For decades, gun manufacturers, and even some startups, have tried to figure out how to create a smart gun — one that could only be fired by the gun’s owner and could be activated by a fingerprint or a radio signal sent from the weapon to a wristband. 

Gun researchers call these personalized guns, but so far, the technology hasn’t gone anywhere. I spoke with Cassandra Crifasi, deputy director of the Johns Hopkins Center for Gun Policy and Research, and asked her what the barriers are. The following is an edited transcript of our conversation.

Cassandra Crifasi: There are two main concerns, I think, that are driving down the potential market for personalized guns. Those are cost and concerns about the technology. I think one of the challenges we’re trying to weigh is that over the last several decades, we’ve had changes in the reasons people own firearms. Forty years ago, the ownership was predominantly for hunting; now, the predominant reason for gun ownership is self-defense against other people. If you’re concerned about having a firearm, to defend yourself in that situation, then making sure the technology would work when you want to be able to use it could be a significant issue.

Molly Wood: When you look at the overall numbers of gun deaths, how many of those could potentially be prevented by personalized guns?

Crifasi: We’re looking mostly at injuries among individuals who wouldn’t be able to purchase firearms — teen suicide by firearm, unintentional injuries and unintentional deaths by firearm among children. Also the potential benefit to drive down homicide by reducing the ability to use a firearm that is personalized if it was stolen. When you look at the burden of firearm deaths and the potential benefit, it’s hard to make a really strong case that having personalized guns is going to drastically drive down our burden of gun violence in this country.

Wood: Where would you like to see investment in research go?

Crifasi: I think that we could do a lot more to understand whose firearms are being used in suicide. Even though firearm suicide is the leading cause of firearm death, we have very little information on where those guns come from, when they were acquired, how they were stored in the home. I think that we could do a lot to improve our ability to respond to and prevent suicide if we could get some better data to understand some of these precipitating factors.

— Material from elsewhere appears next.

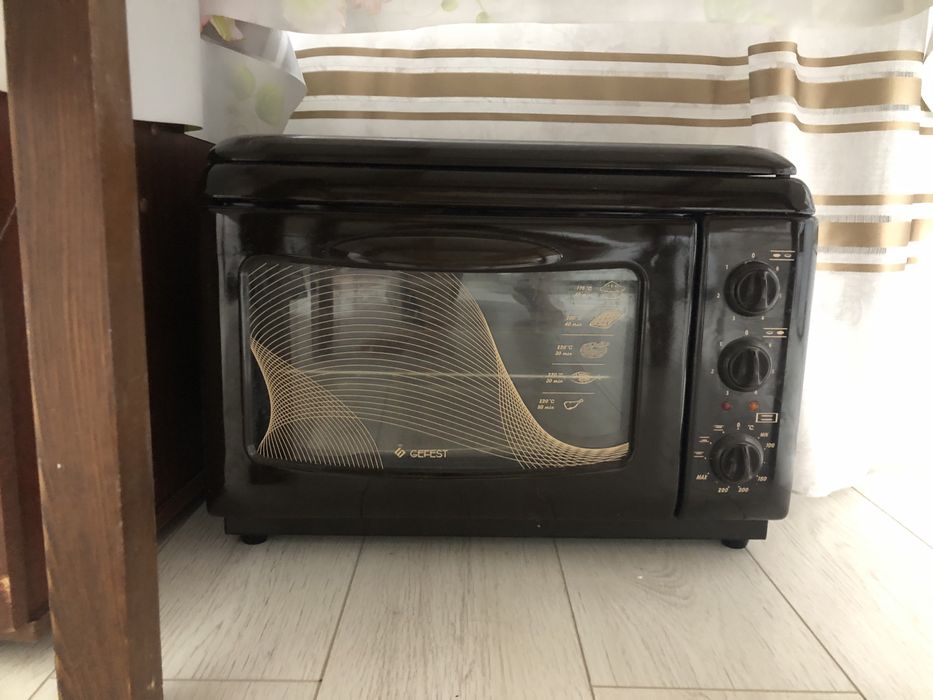 Продам электроплиту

Related links: More insight from Molly Wood

There’s a fascinating story in Bloomberg Businessweek from earlier this year about the long history of attempts to create so-called smart, or personalized, guns. It included this whole tale about a 2002 law in New Jersey that said that as soon as smart guns were sold anywhere in the United States, New Jersey’s gun retailers could then only sell smart guns within three years. No more dumb guns in New Jersey.

That, of course, caused a National Rifle Association freak-out and death threats against a Maryland retailer who did want to sell personalized guns in 2014. That set the entire effort back even more, and over the years no one has quite created a smart gun where the tech works perfectly in all situations.

The Bloomberg story also included a lot of details about how the tech industry had tried to find and fund smart gun startups, but also shied away from the industry for fear that it could lead to increased gun ownership.